La Terrasse

"La culture est une résistance à la distraction" Pasolini

Focus -174-mc93

2666

2666 - Critique sortie Théâtre

Publié le 10 janvier 2010

LA DESINTEGRATION D’UNE SOCIETE

ALEX RIGOLÁ, DIRECTEUR DU THEATRE LLIURE A BARCELONE, ADAPTE POUR LA SCENE LE ROMAN INCLASSABLE DU CHILIEN ROBERTO BOLAÑO, MONUMENTAL ET FASCINANT JEU DE PISTES EMPOISONNE PAR LE MAL.

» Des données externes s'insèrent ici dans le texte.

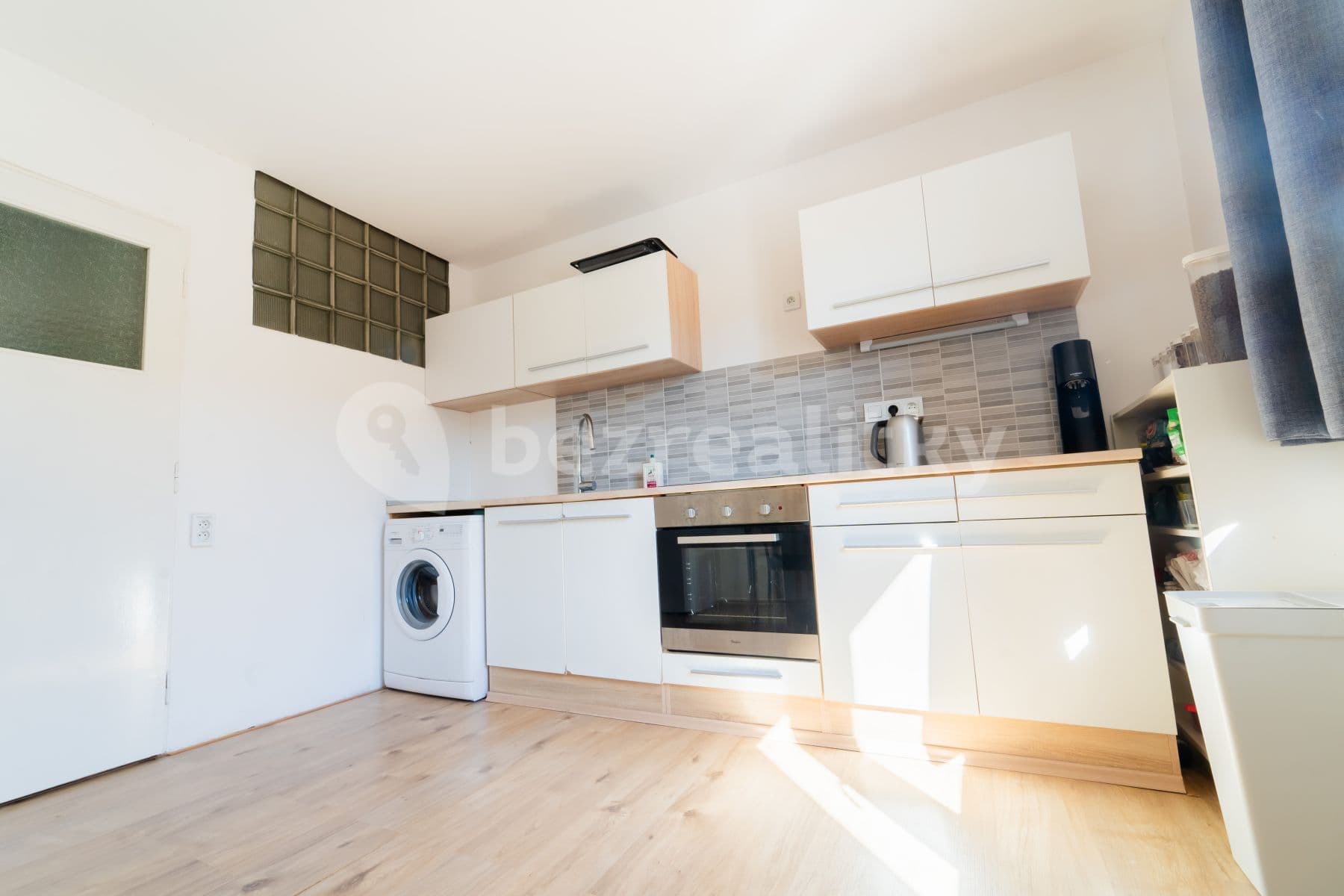 Pronájem bytu 2+1 57 m², Podhorská, Jablonec nad Nisou, Liberecký kraj Pronájem bytu 2+1 57 m², Podhorská, Jablonec nad Nisou, Liberecký kraj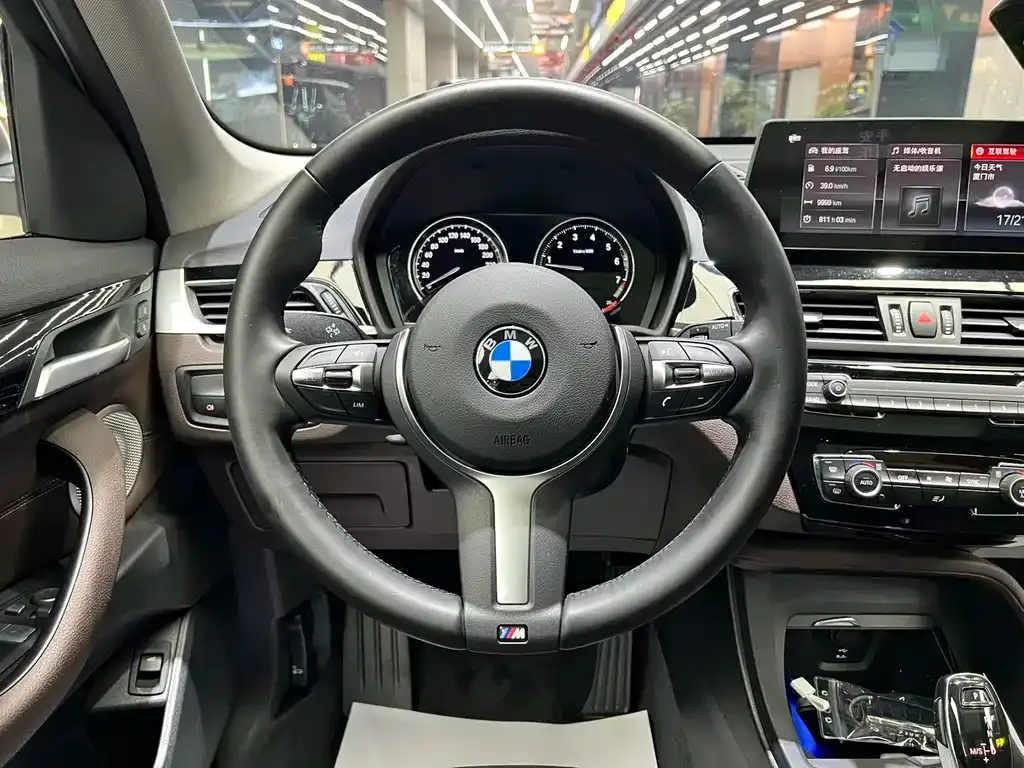 BMW X1 — фото 7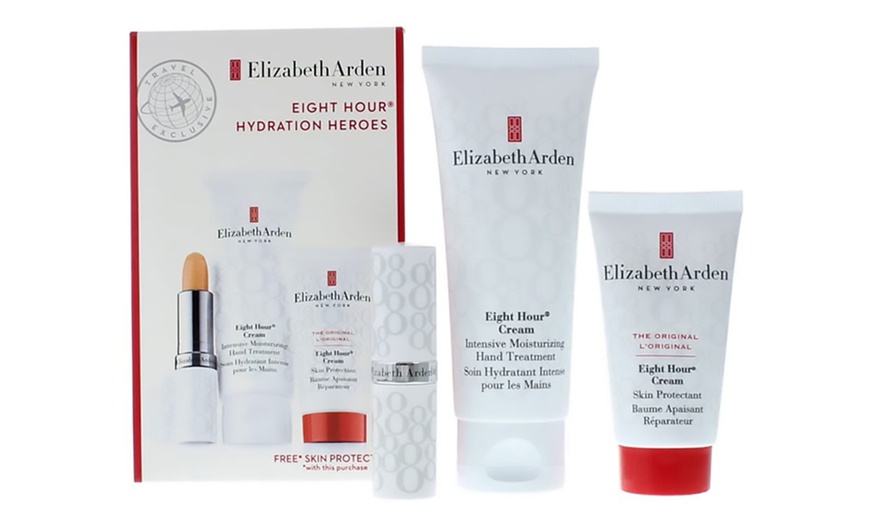 Image 2: Elizabeth Arden Skin Care Set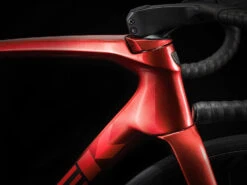 Trek ÉMONDA SLR 7 DISC Ultegra Di2 Vélo Route - 2023 - Metallic Red Smoke To Red Carbon Smoke -Velo Lemonde Boutique emondaslr7 alt3 1324652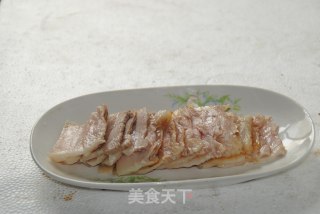 豆腐干炒回锅肉的做法步骤：2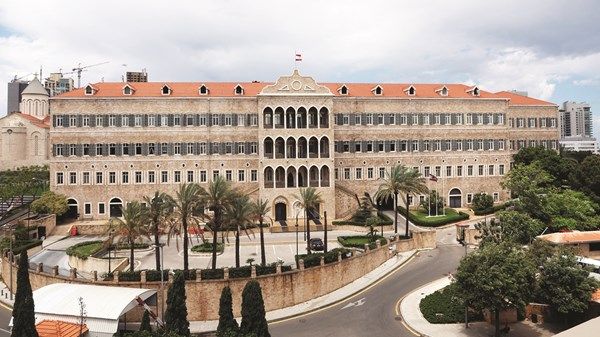 خبراء لـ«الاتحاد»: المساعدات الأوروبية إلى لبنان «علاج مؤقت» للأزمات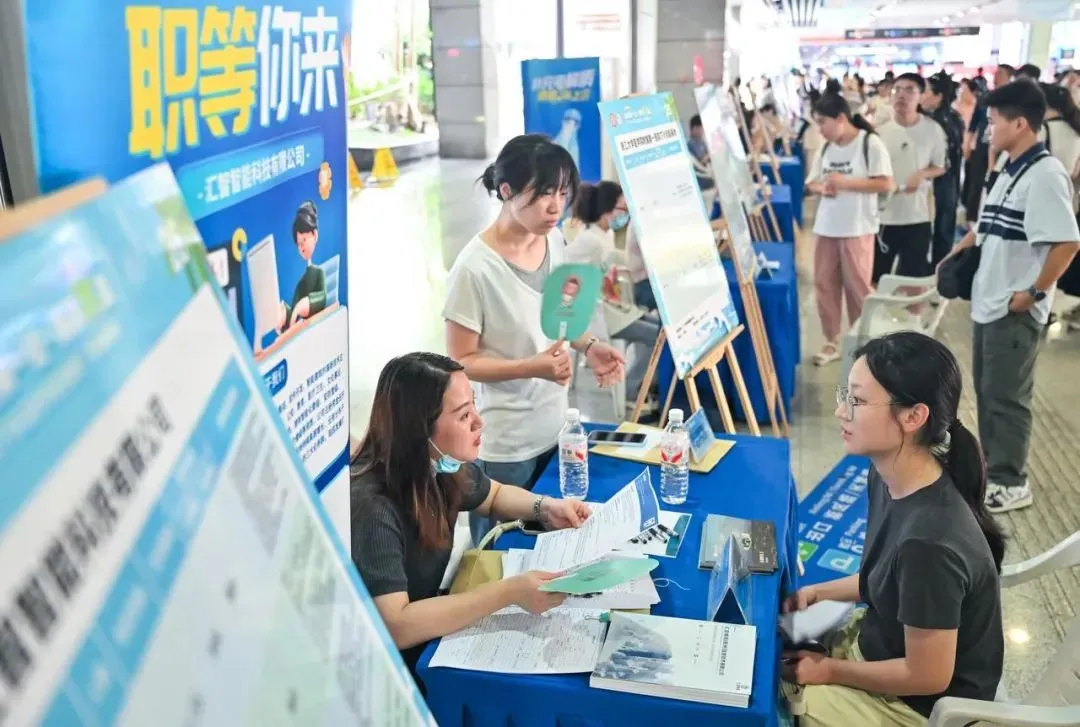 7月9日，“清涼職夏 一崗潤心”高校畢業(yè)生就業(yè)（見習(xí)）招聘會在鐵路杭州東站舉行 圖源：潮新聞客戶端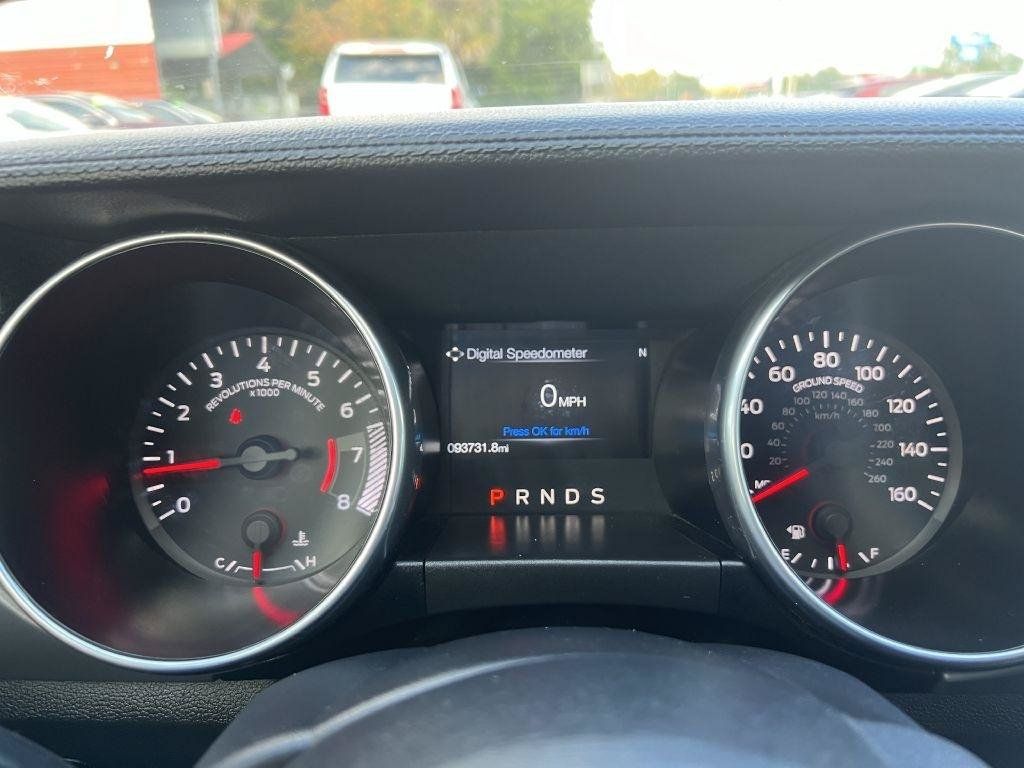 Used 2018 Ford Mustang Premium RWD image 13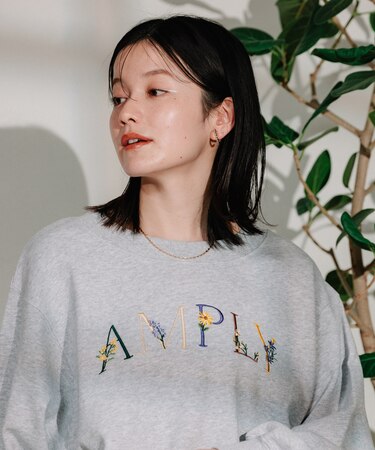 花刺繍 ロゴショートスウェット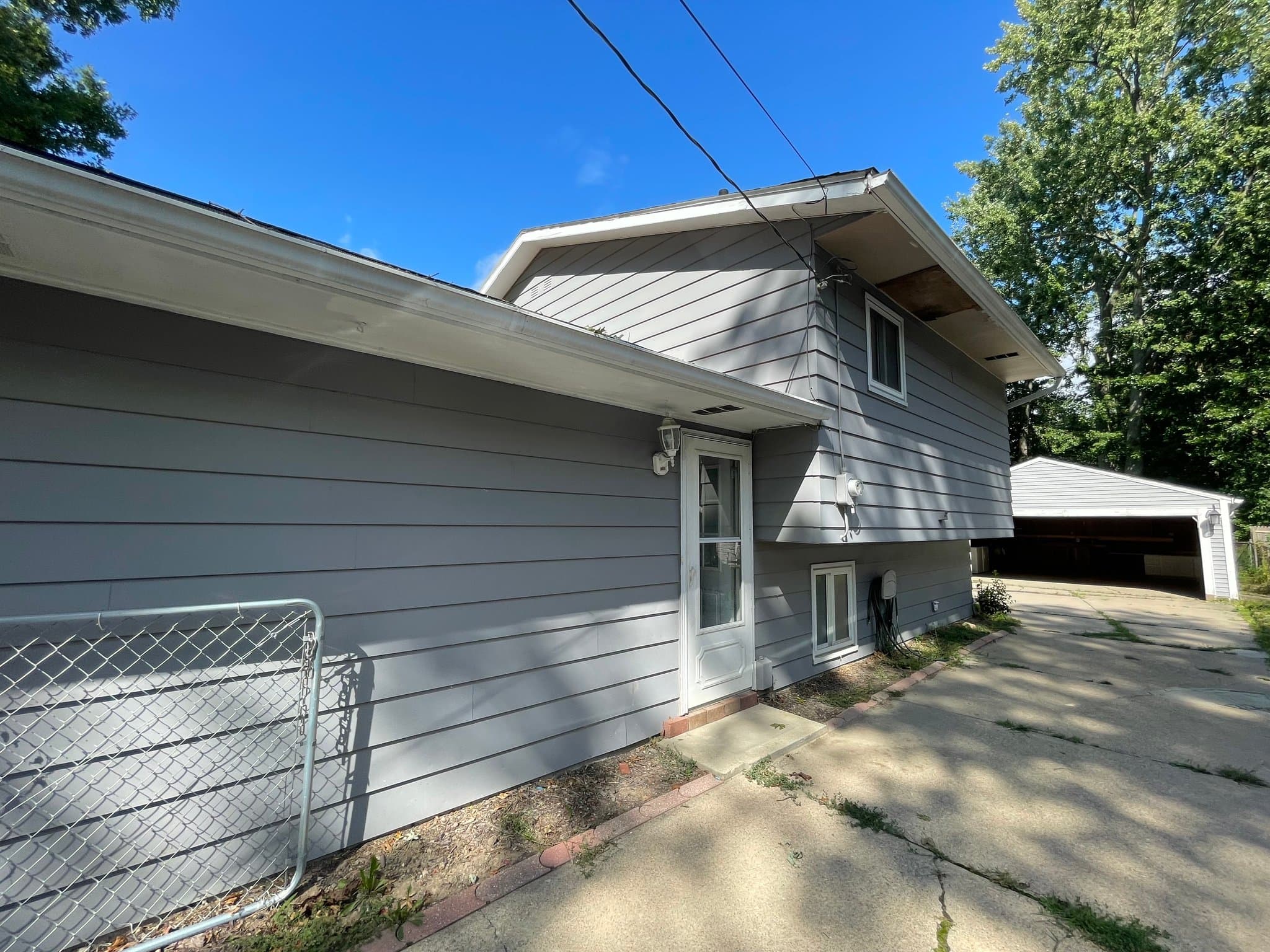 North Ridgeville House: 4885 Lear Nagle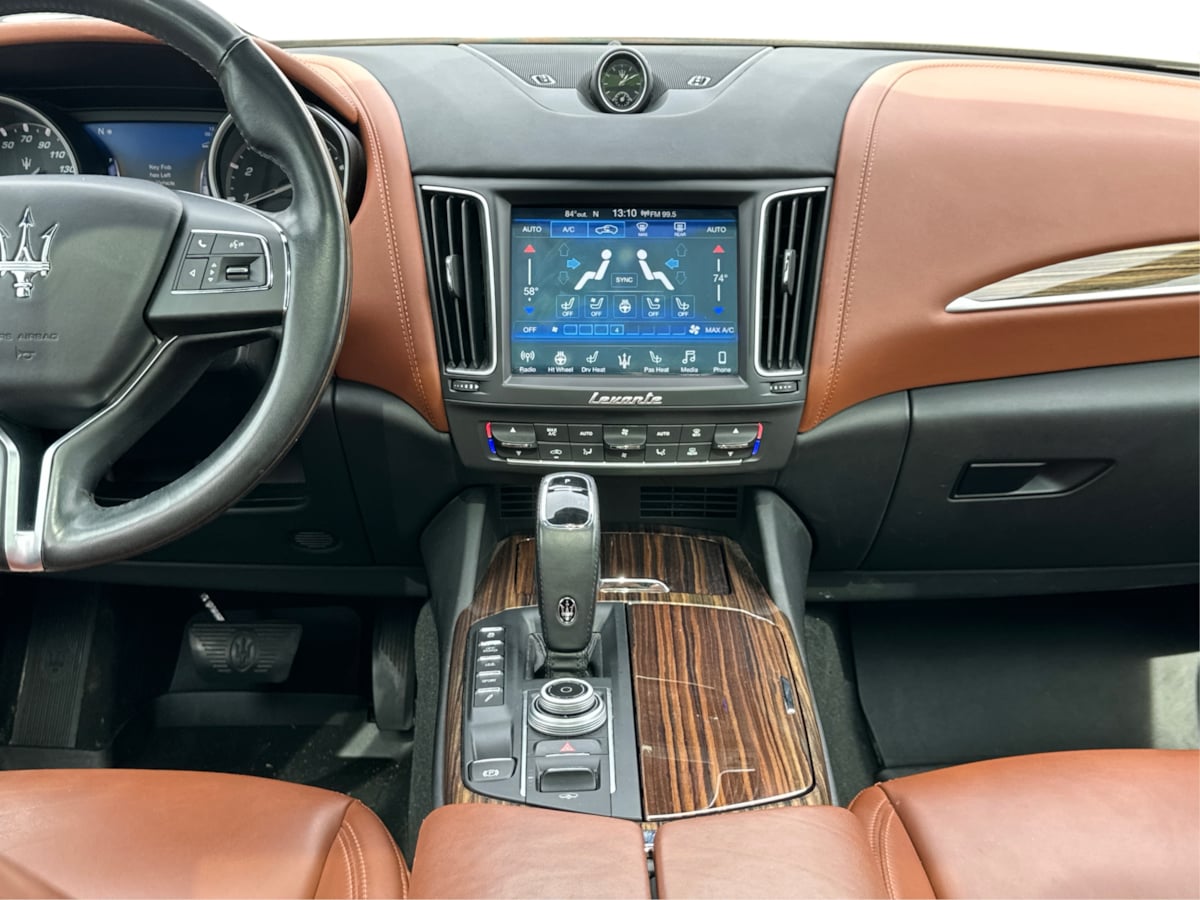 2019 Maserati Levante GranLusso photo 32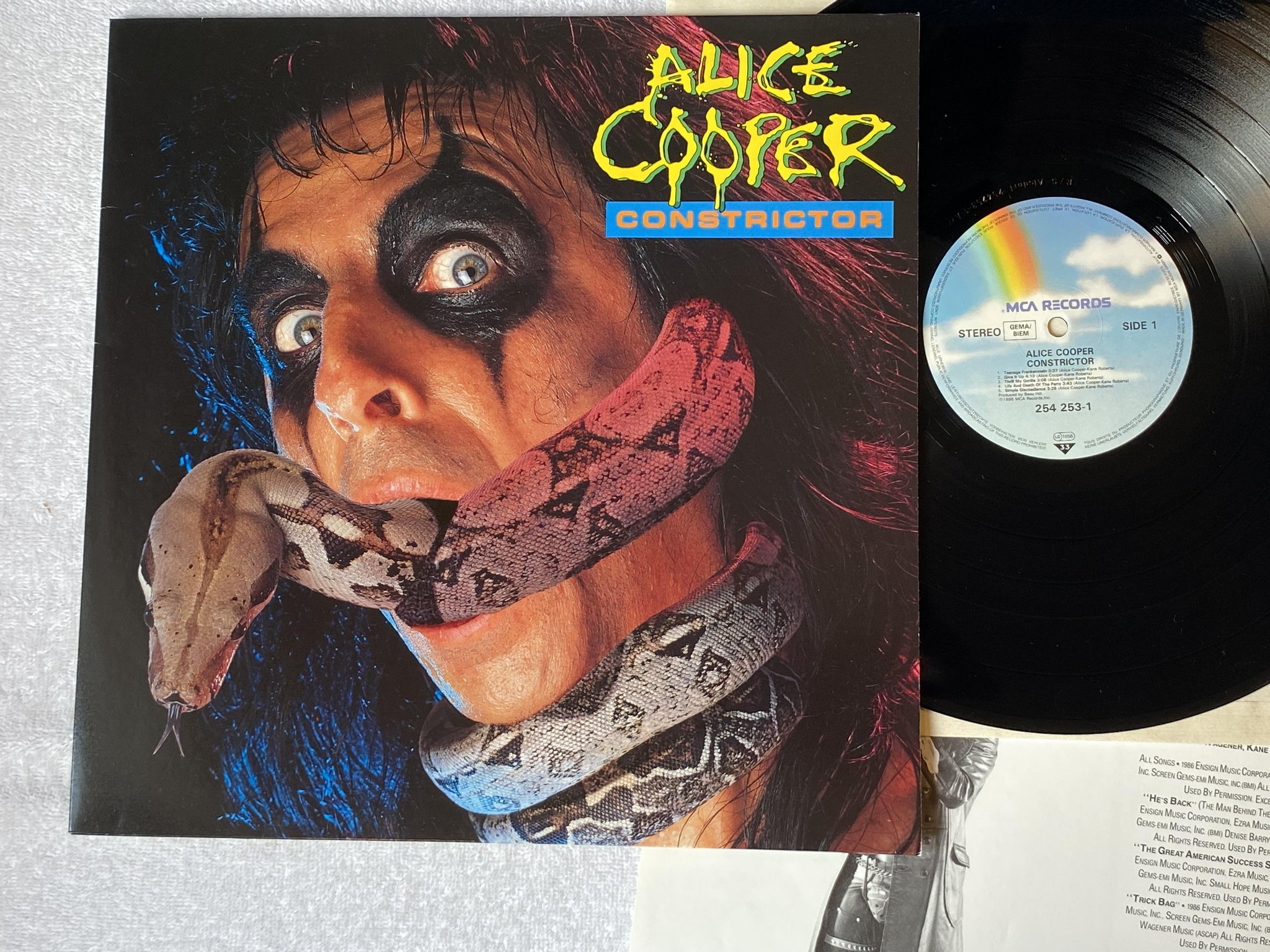 Omslagsbild för skivan ALICE COOPER constrictor LP -86 Ger MCA 254253-1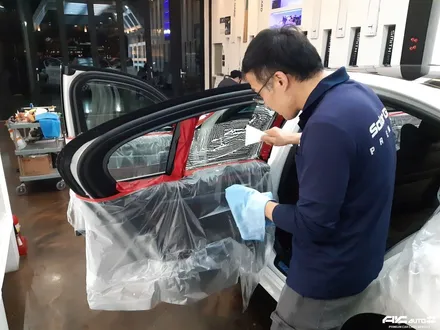 파주일산 BMW 520d(G30) 기존필름 제거후 솔라가드 퀀텀 썬팅 시공. / 고양 덕양구 동산동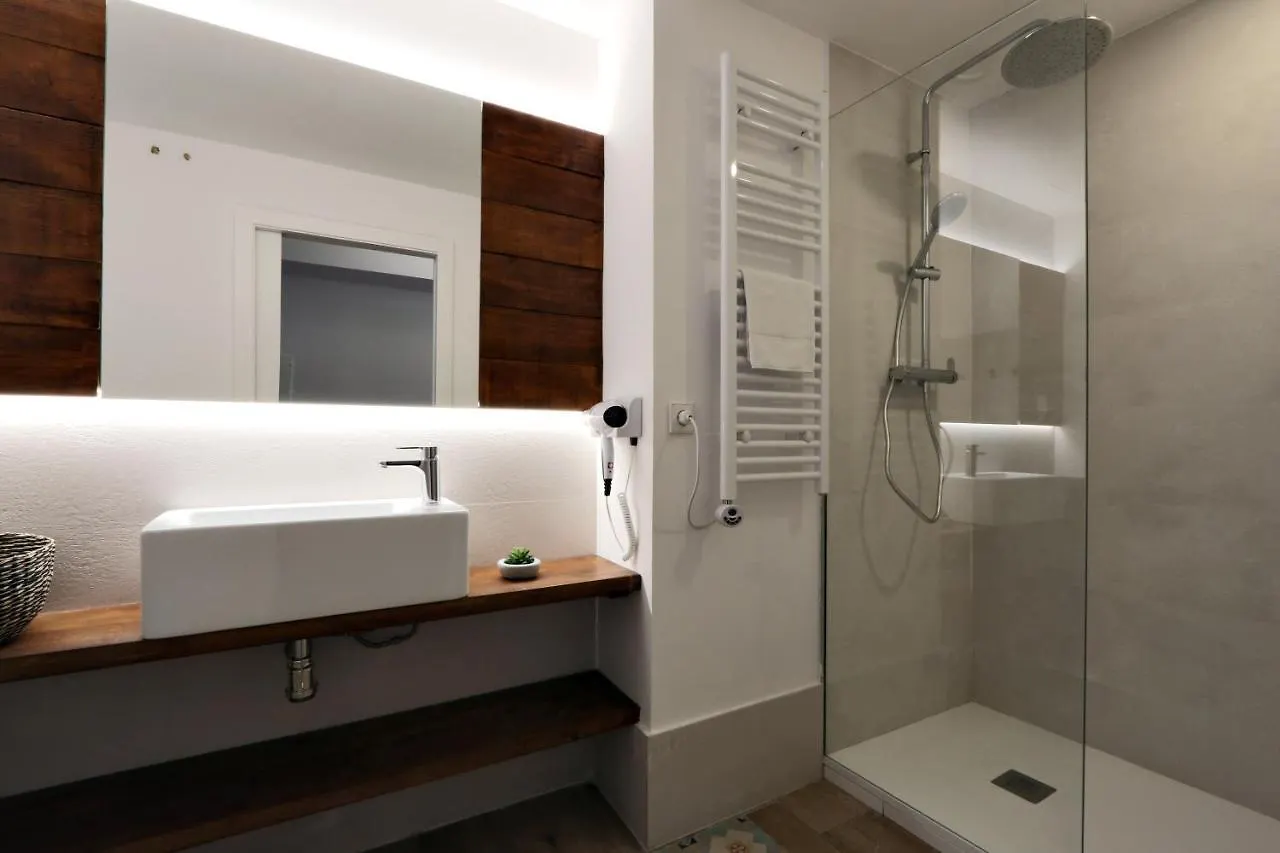 Apartment Classbedroom Port Ramblas Barcelona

Subjugué par cette écriture labyrintique, Alex Rigolá a relevé le défi considérable de son adaptation à la scène. Roman posthume inachevé monumental du Chilien Roberto Bolaño (1953-2003), 2666 reprend des thèmes familiers de l’auteur : la nécessité d’écrire et le mal, l’errance (lui-même vécut en exil quasiment toute sa vie), les tumultes de l’Histoire et l’impossibilité des utopies. Une œuvre foisonnante en cinq parties bien distinctes où abondent les récits dans le récit, les passerelles entre les lieux et les époques, et des personnages mystérieux, du journaliste enquêteur face à la barbarie à l’écrivain allemand Archimboldi (comme son nom ne l’indique pas…). « Parfois on a besoin de prendre de la distance pour pouvoir voir les choses. Ce roman prend cette distance pour montrer ce qu’il y a de pire en nous-mêmes, non pas comme des personnes mais comme société », confie le jeune metteur en scène. Dans le roman, la ville maudite de Santa Teresa au Mexique constitue un élément essentiel, une vision du pire où l’humanité se désintègre.
Meurtres non élucidés

Théâtre de meurtres atroces et point d’ancrage effarant dans un monde chaotique, où échouent progressivement les personnages, cette localité s’inspire de la ville mexicaine de Ciudad Juarez, bien réelle, où les massacres de plus de trois cents femmes ne furent jamais élucidés. La mise en scène utilise d’ailleurs du matériel rapporté du Mexique (photos…), ce qui souligne avec acuité la véracité de l’histoire. La pièce maintient la structure en cinq parties. « Dans la première, l’idée est d’organiser une conférence où les participants sont les quatre protagonistes de l’histoire, professeurs de littérature à la recherche d’un écrivain disparu : ils commencent en la racontant de manière neutre, mais lentement s’impliquent de plus en plus. La deuxième partie a quelque chose de David Lynch, à cause de quelques faits paranormaux, surnaturels ou étranges qui arrivent (…). Dans la troisième partie nous voulons faire une sorte de roman noir ou comme un film du cinéma noir. La quatrième est un oratorio avec douze voix qui récitent les noms des morts. Et dans la cinquième, l’idée est de retourner à une narration où le théâtre d’objets aura une certaine importance. Il s’agit de raconter l’histoire d’Archimboldi comme un grand carrousel de la vie. » Toute la créativité d’un metteur en scène et de son équipe affronte ainsi le texte et le transpose sur le plateau… A découvrir !

Agnès Santi


2666, de Roberto Bolaño, adaptation Pablo Ley, Alex Rigolá, mise en scène Alex Rigolá, du 11 au 13 février à 18h et le 14 à 14h30. Spectacle en espagnol surtitré.